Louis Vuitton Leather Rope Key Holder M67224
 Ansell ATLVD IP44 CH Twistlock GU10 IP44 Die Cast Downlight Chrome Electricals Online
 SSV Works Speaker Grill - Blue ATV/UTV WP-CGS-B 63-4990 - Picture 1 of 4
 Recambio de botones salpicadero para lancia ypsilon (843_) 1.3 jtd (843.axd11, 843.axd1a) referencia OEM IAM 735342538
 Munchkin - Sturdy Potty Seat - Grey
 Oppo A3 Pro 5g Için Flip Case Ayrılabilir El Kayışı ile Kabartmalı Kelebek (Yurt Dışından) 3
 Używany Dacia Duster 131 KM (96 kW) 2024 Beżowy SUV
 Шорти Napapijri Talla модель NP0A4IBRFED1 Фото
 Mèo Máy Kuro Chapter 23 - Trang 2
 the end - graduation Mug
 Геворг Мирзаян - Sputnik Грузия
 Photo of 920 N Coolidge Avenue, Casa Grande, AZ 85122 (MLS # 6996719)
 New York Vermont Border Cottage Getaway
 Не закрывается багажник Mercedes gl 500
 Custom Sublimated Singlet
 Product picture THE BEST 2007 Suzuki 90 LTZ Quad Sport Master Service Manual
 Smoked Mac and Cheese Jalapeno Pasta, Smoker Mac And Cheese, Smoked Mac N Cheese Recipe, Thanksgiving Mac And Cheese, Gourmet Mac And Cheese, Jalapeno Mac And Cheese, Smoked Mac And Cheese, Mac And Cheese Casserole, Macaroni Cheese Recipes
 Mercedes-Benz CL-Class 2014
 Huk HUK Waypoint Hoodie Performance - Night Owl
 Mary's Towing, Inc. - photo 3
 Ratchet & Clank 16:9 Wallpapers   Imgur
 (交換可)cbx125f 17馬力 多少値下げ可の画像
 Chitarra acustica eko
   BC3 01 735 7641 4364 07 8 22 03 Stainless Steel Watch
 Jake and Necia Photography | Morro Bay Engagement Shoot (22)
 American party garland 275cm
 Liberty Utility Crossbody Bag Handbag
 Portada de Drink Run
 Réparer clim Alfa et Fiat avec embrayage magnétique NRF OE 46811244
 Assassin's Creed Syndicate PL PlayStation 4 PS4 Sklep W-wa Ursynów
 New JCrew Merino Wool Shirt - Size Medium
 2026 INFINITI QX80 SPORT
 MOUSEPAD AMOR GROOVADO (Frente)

◇ ◇ ◇ ◇

- **Task to complete**
Word for word, write out every line of the listing.

- **Answer space**
Louis Vuitton Leather Rope Key Holder M67224
 Ansell ATLVD IP44 CH Twistlock GU10 IP44 Die Cast Downlight Chrome Electricals Online
 SSV Works Speaker Grill - Blue ATV/UTV WP-CGS-B 63-4990 - Picture 1 of 4
 Recambio de botones salpicadero para lancia ypsilon (843_) 1.3 jtd (843.axd11, 843.axd1a) referencia OEM IAM 735342538
 Munchkin - Sturdy Potty Seat - Grey
 Oppo A3 Pro 5g Için Flip Case Ayrılabilir El Kayışı ile Kabartmalı Kelebek (Yurt Dışından) 3
 Używany Dacia Duster 131 KM (96 kW) 2024 Beżowy SUV
 Шорти Napapijri Talla модель NP0A4IBRFED1 Фото
 Mèo Máy Kuro Chapter 23 - Trang 2
 the end - graduation Mug
 Геворг Мирзаян - Sputnik Грузия
 Photo of 920 N Coolidge Avenue, Casa Grande, AZ 85122 (MLS # 6996719)
 New York Vermont Border Cottage Getaway
 Не закрывается багажник Mercedes gl 500
 Custom Sublimated Singlet
 Product picture THE BEST 2007 Suzuki 90 LTZ Quad Sport Master Service Manual
 Smoked Mac and Cheese Jalapeno Pasta, Smoker Mac And Cheese, Smoked Mac N Cheese Recipe, Thanksgiving Mac And Cheese, Gourmet Mac And Cheese, Jalapeno Mac And Cheese, Smoked Mac And Cheese, Mac And Cheese Casserole, Macaroni Cheese Recipes
 Mercedes-Benz CL-Class 2014
 Huk HUK Waypoint Hoodie Performance - Night Owl
 Mary's Towing, Inc. - photo 3
 Ratchet & Clank 16:9 Wallpapers   Imgur
 (交換可)cbx125f 17馬力 多少値下げ可の画像
 Chitarra acustica eko
   BC3 01 735 7641 4364 07 8 22 03 Stainless Steel Watch
 Jake and Necia Photography | Morro Bay Engagement Shoot (22)
 American party garland 275cm
 Liberty Utility Crossbody Bag Handbag
 Portada de Drink Run
 Réparer clim Alfa et Fiat avec embrayage magnétique NRF OE 46811244
 Assassin's Creed Syndicate PL PlayStation 4 PS4 Sklep W-wa Ursynów
 New JCrew Merino Wool Shirt - Size Medium
 2026 INFINITI QX80 SPORT
 MOUSEPAD AMOR GROOVADO (Frente)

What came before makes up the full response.